Au lieu d’un message de reconnaissance pour un succès historique, la CAF a publié un communiqué rappelant d’éventuelles sanctions à l’encontre des supporters, du staff technique avec à sa tête Pape Thiaw et des joueurs sénégalais, en lien avec certains débordements observés lors de la finale. Une démarche qui donne l’impression d’un regard plus punitif que célébratoire, laissant de côté la dimension sportive et historique de la victoire.
Un ton jugé partisan
Pour beaucoup, ce choix de communication traduit un comportement partisan. Plutôt que de mettre en avant le triomphe des Lions de la Teranga, la CAF semble adopter une posture qui pourrait rappeler celle d’une instance souhaitant rejouer la finale ou minimiser la légitimité du sacre sénégalais. Tout porte à croire que la faitière du football africain voudrait voir le Maroc remporter ce titre. Ce contraste entre le succès sur le terrain et le discours institutionnel a alimenté la polémique et provoqué une certaine frustration au Sénégal et parmi les fans africains.

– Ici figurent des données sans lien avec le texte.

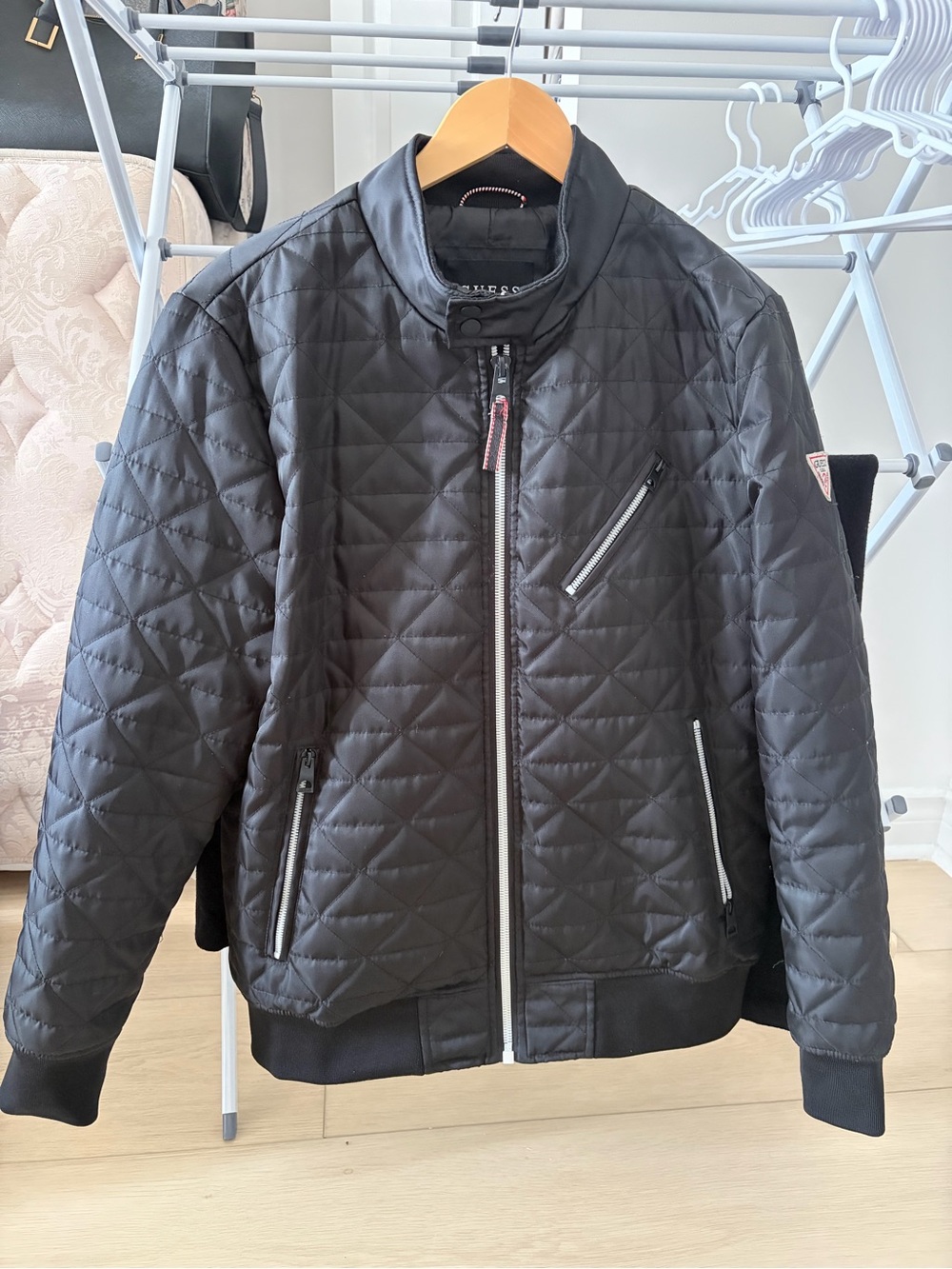 Guess Black Quilted Bomber Jacket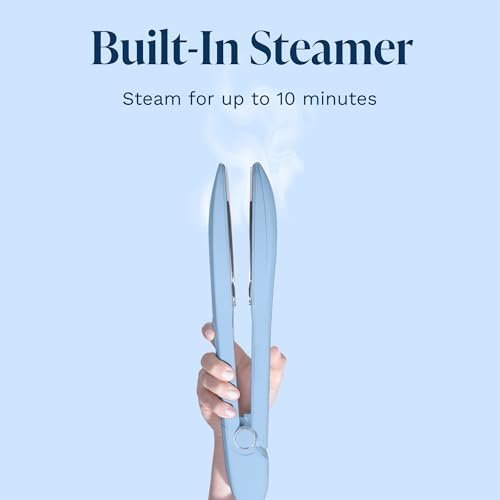 Nori Press Travel Steam Iron - Handheld Iron With Optional Steam Feature - No Ironing Board Required - Easy to Use w/ 6 Fabric Settings - Removes Wrinkles - Blue - Image 6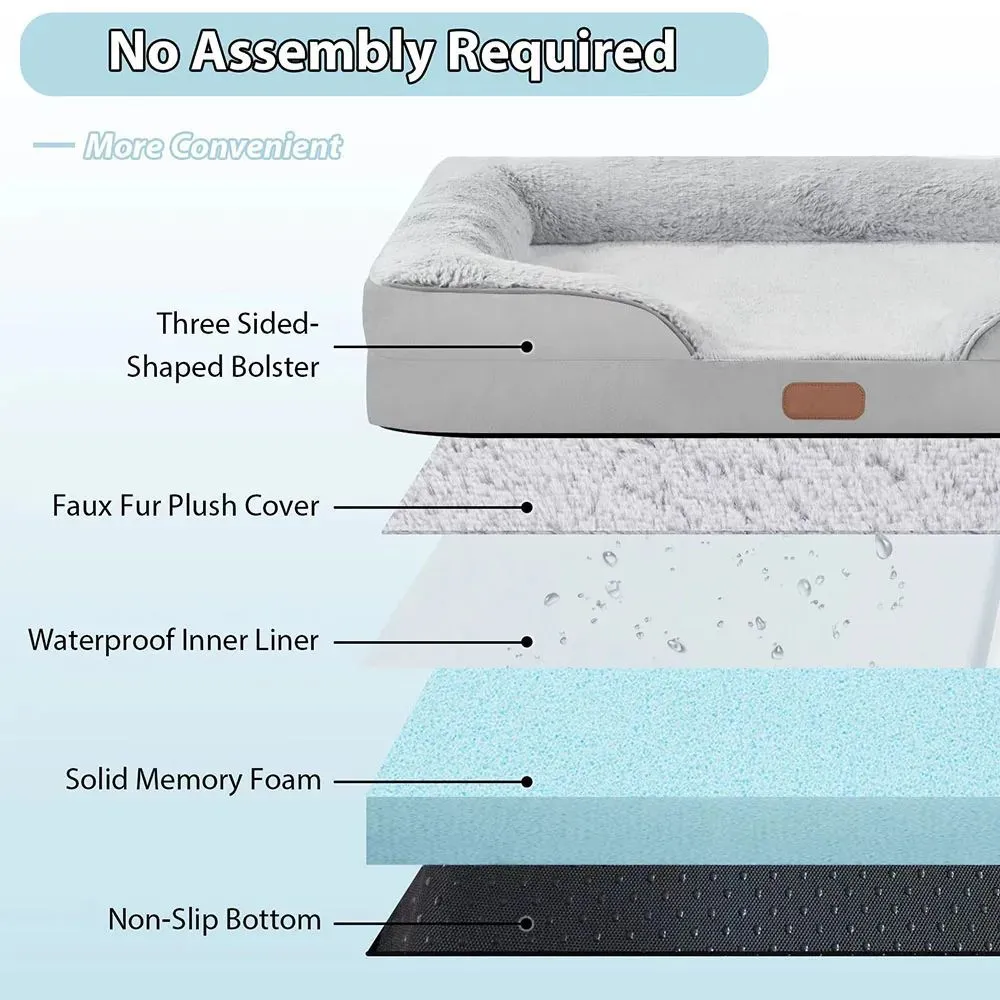 Waterproof Oxford fabric dog bed sofa mat for medium dogs cats with washable surface in L size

Quand sanction et célébration devraient coexister
Il ne s’agit pas de nier la nécessité d’un rappel au respect du fair-play et des règles, mais nombreux sont ceux qui estiment qu’une sanction éventuelle ne doit jamais éclipser la célébration d’un titre continental. Le Sénégal a construit un parcours exemplaire au cours des dernières années, atteignant trois finales sur quatre éditions de la CAN et remportant deux trophées : un palmarès qui mérite d’être reconnu et salué. En adoptant ce ton uniquement répressif, la CAF donne l’image d’une instance éloignée des émotions et des enjeux sportifs. Les supporters et les joueurs attendent avant tout des félicitations pour leur performance, même si certains excès doivent être rappelés à l’ordre.
Le défi pour la CAF sera désormais de concilier discipline et célébration, afin de rester crédible et respectée dans le rôle de régulateur du football africain, sans passer pour une organisation partiale ou déconnectée de la passion qui anime le continent.